December 6, 2007

  • Are you serious????

    So, this past week, i came across a great deal on ebay.  Turns out it was fraudulent.

    This guy wanted me to wire money to some “broker agent” in Florida who works for Square Trade [a legitimate company] but the thing is, Square Trade doesn’t broker transactions; they only deal with warranties.

    So, this guy, “Bobby” and I have been exchanging e-mails; with each e-mail, he became progressively more aggressive, threatening to leave negative feedback if I didn’t send him that check for $3100… went on saying how he already paid for shipping, etc., and asked me if I was going to be one of those bad customers on ebay that would cost him $100 in shipping.  He wanted to send it UPS World Express, which is for international shipping, and there’s no way it would only cost $100.

    He even had an e-mail doctored to look like it was confirmation from ebay.  Amazing… because the e-mail address was legit but the content was not.

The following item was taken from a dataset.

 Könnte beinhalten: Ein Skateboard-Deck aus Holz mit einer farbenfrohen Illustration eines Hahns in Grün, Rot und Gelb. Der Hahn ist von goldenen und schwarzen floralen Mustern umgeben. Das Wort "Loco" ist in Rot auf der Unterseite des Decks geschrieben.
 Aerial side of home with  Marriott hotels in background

    The last e-mail I wrote him, I was like, “Are you serious?!?!”  He threatened me and said he would seek arbitration.  Can you believe that?!?!
    I even did a search for his mailing address and it doesn’t exist.  What nerve…

    I’m not upset because the deal was fraudulent so much as for the guy having the audacity to threaten me.
    I can only laugh… not so much.

    I told him I had confirmation from ebay and Square Trade that this deal is bogus…

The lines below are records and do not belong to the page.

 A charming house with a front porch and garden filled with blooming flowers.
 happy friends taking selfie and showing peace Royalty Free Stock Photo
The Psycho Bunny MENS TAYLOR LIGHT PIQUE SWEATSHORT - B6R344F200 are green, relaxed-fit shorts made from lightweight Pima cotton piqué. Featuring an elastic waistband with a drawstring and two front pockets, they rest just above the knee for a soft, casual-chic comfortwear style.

    He claims his name is bobby riggins and he “lives” in New Jersey but the agent “Michael Griffin” is in Florida.  I suspect that “bobby” lives there, too.
    his e-mail addres is bob004806@aol.com
    his ebay user id is bob004806

    I only post this as a warning to others.

    Anyways, all you online Christmas shoppers, beware.  If it’s too good to be true, it really isn’t.

    God is good!
    Thieves are not.

October 18, 2007

  • forgiveness…

    “It’s been a while since I wrote in xanga…”  LOL.
    It’s such a cliche to write those words… Is it because I [and others] don’t know how else to start something that was long neglected, so we cop out with an overused phrase?
    Other phrases like, “It’s been too long”… really?  Too long?  Why did you let things get to the point of “too long”?  LOL

    I’ve been real busy and too lazy and/or forgot about writing in Xanga – that’s the truth. 
    But I want to try writing more often and consistently, because it’s better than not doing it… because if I write about something valid, it’s worth the time.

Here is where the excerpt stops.